▸ **EXERCISE GOAL**: Retype, character for character, the line containing "Personalised Engraved Split Hearts Necklace" along with each line after it through the end of the data, and only those.

▸ **MATERIAL PROVIDED**:
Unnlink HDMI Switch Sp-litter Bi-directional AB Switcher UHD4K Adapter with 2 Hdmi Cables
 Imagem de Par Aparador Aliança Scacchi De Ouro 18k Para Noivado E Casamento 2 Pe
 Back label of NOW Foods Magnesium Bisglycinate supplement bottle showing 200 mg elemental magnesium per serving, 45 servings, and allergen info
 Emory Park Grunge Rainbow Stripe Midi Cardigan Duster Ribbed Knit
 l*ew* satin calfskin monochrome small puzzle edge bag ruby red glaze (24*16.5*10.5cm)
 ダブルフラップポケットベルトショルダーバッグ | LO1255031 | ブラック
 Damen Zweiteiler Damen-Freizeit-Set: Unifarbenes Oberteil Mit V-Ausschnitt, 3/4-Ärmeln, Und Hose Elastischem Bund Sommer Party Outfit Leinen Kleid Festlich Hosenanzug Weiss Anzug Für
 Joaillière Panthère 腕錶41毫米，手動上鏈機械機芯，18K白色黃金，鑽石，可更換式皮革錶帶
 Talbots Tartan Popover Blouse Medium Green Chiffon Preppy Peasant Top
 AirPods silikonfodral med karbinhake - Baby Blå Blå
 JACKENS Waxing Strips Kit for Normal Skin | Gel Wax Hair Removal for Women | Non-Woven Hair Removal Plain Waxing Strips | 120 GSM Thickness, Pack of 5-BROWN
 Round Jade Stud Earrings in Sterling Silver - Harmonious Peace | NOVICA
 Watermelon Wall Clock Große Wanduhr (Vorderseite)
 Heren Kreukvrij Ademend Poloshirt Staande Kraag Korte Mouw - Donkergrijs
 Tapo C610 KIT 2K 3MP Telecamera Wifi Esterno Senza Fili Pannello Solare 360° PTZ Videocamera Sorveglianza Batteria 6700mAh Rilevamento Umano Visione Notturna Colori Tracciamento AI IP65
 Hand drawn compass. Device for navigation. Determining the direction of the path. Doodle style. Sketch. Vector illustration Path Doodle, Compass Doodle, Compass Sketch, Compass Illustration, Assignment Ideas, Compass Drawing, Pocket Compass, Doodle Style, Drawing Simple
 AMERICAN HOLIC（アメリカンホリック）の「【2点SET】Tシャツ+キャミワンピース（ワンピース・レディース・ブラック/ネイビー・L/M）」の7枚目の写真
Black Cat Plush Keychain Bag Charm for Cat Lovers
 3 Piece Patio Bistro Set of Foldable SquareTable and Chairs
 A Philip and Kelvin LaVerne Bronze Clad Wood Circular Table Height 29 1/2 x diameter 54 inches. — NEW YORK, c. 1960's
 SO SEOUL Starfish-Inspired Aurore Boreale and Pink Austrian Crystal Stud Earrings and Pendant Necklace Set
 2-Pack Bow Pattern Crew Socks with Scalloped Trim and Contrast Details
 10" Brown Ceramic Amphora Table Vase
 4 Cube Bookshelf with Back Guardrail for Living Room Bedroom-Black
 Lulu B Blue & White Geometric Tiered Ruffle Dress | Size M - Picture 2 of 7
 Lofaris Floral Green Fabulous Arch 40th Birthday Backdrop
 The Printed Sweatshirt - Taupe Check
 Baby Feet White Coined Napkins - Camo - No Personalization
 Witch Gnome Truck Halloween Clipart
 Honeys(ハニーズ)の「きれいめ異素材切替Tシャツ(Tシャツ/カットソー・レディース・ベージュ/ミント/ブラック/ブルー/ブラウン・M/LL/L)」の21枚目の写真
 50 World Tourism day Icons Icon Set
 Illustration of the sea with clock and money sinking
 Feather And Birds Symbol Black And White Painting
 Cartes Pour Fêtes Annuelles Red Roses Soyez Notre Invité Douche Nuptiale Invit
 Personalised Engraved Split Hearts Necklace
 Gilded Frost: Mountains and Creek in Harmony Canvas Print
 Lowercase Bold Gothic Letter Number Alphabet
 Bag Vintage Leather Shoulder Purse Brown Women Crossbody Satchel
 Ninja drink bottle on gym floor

▸ **SOLVED PROBLEM**:
 Personalised Engraved Split Hearts Necklace
 Gilded Frost: Mountains and Creek in Harmony Canvas Print
 Lowercase Bold Gothic Letter Number Alphabet
 Bag Vintage Leather Shoulder Purse Brown Women Crossbody Satchel
 Ninja drink bottle on gym floor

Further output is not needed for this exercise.